**Task requirements:**
When you transcribe the entries below, begin at their first line and stop after the line containing "If you don't"; pictures stay out.

--

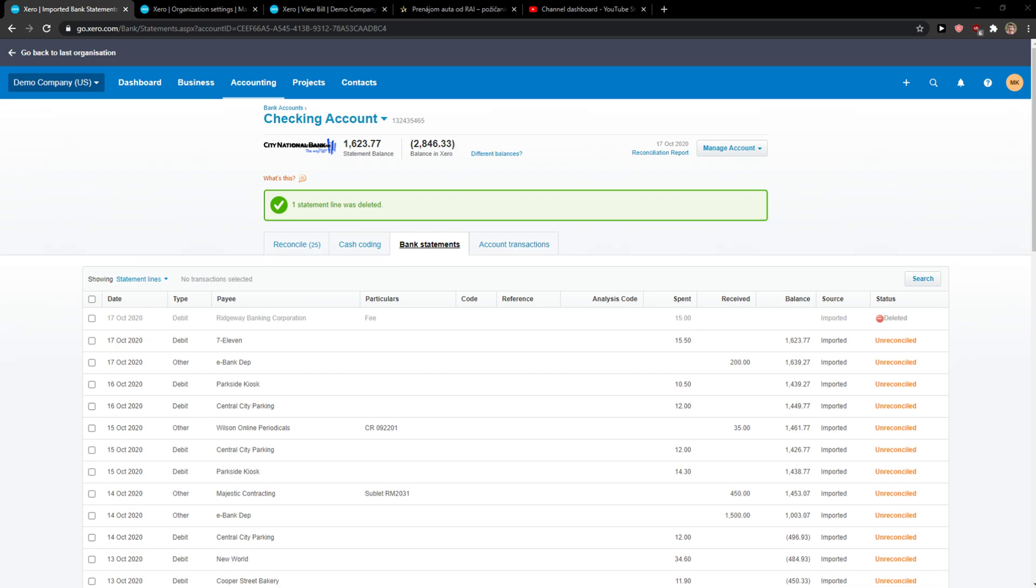Hey everybody, my name is Markus and in this video I will show a simple way how we can easily enter a bank account conversion balance or opening balance in Xero.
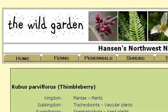The most helpful site to learn about how to plant thimbleberries is www.northwestplants.com. See the page titled The Wild Garden, Hansen's Northwest Native Plant Database. This is the link.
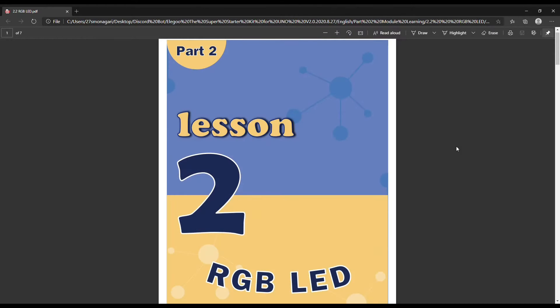Yo what's up guys, today we're going to learn how to use the Arduino to change colors on the RGB LED.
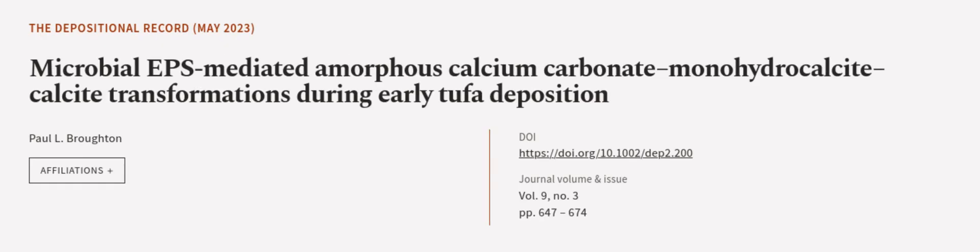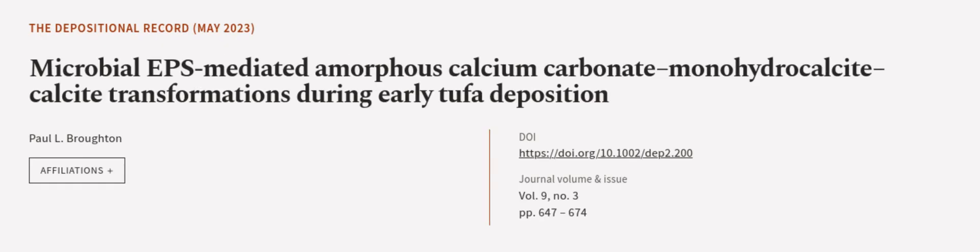This article was authored by Paul L. Broughton. We are article.tv, links in the description below.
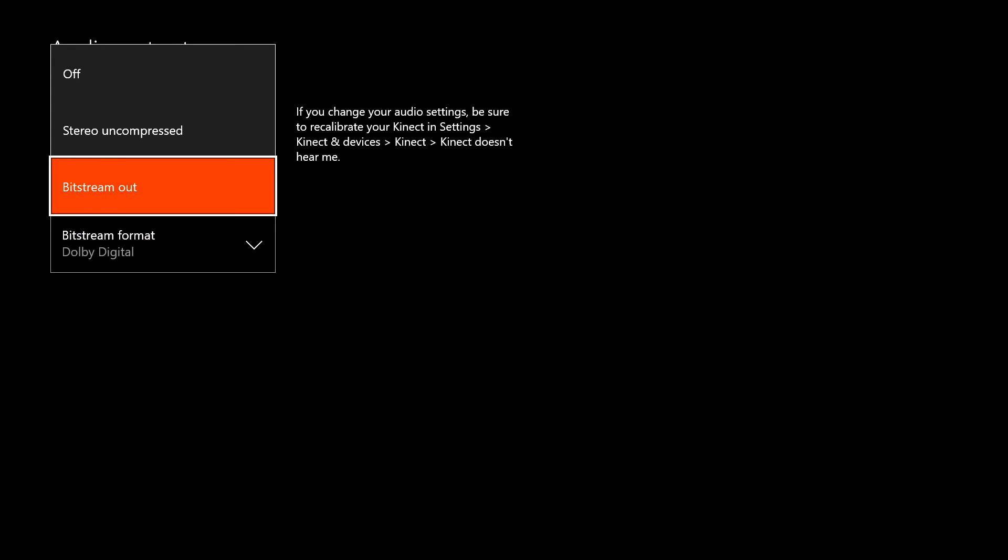If you don't have an Astro headset then you want to move this to regular stereo uncompressed. But other than that, just leave it as I showed you and you should be getting audio by now.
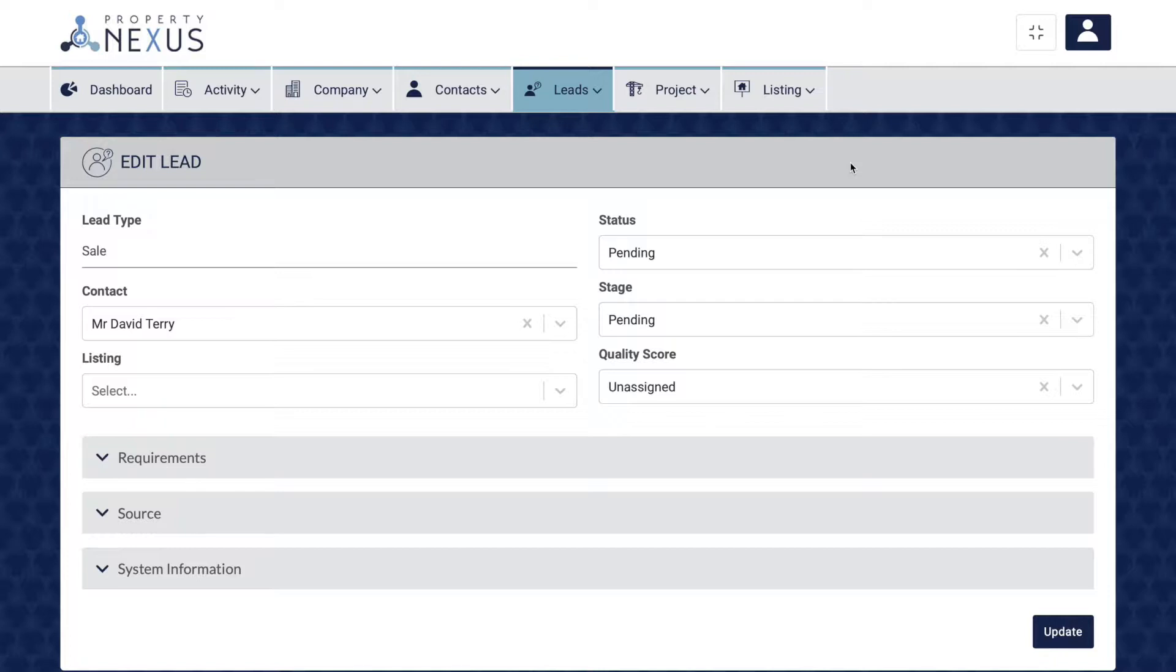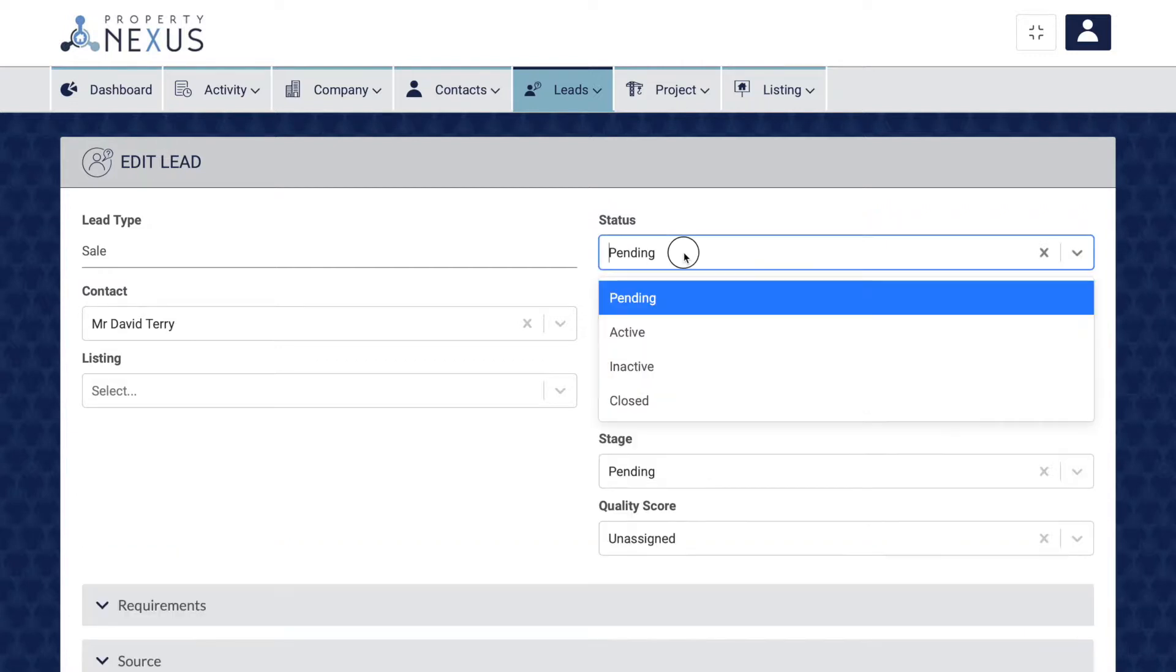The quality score not only allows you to rank your leads in terms of likelihood to close, but also gives your marketing team feedback that they can use to improve marketing campaigns. The status field is there to easily filter those leads that you are currently working on, as well as those that you have not yet responded to.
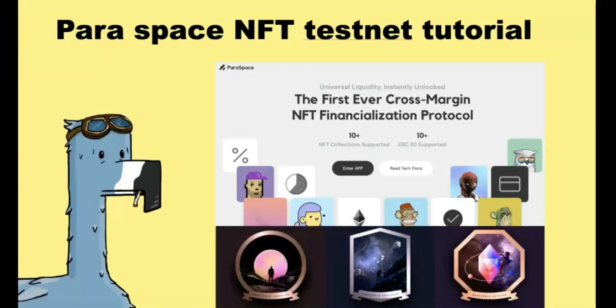Hello everyone, welcome to Website Education Investment. Today, in this video, I'm going to give a tutorial on Paraspace NFT Testnet, the first ever cross-margin NFT financialization protocol.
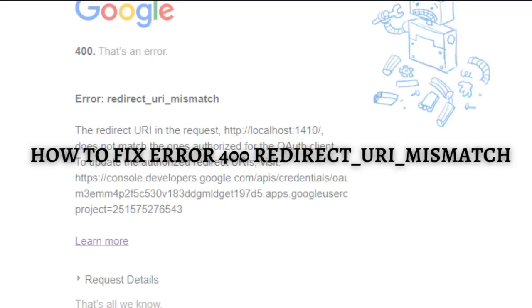Welcome back to the channel and thank you so much for clicking into this video. In this video, I am going to teach you how to fix the error 400 redirect URI mismatch. Make sure that you stay until the very end of this video so you don't miss any important step or information.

--

**Solution for this task:**
Hey everybody, my name is Markus and in this video I will show a simple way how we can easily enter a bank account conversion balance or opening balance in Xero.
The most helpful site to learn about how to plant thimbleberries is www.northwestplants.com. See the page titled The Wild Garden, Hansen's Northwest Native Plant Database. This is the link.
Yo what's up guys, today we're going to learn how to use the Arduino to change colors on the RGB LED.
This article was authored by Paul L. Broughton. We are article.tv, links in the description below.
If you don't have an Astro headset then you want to move this to regular stereo uncompressed. But other than that, just leave it as I showed you and you should be getting audio by now.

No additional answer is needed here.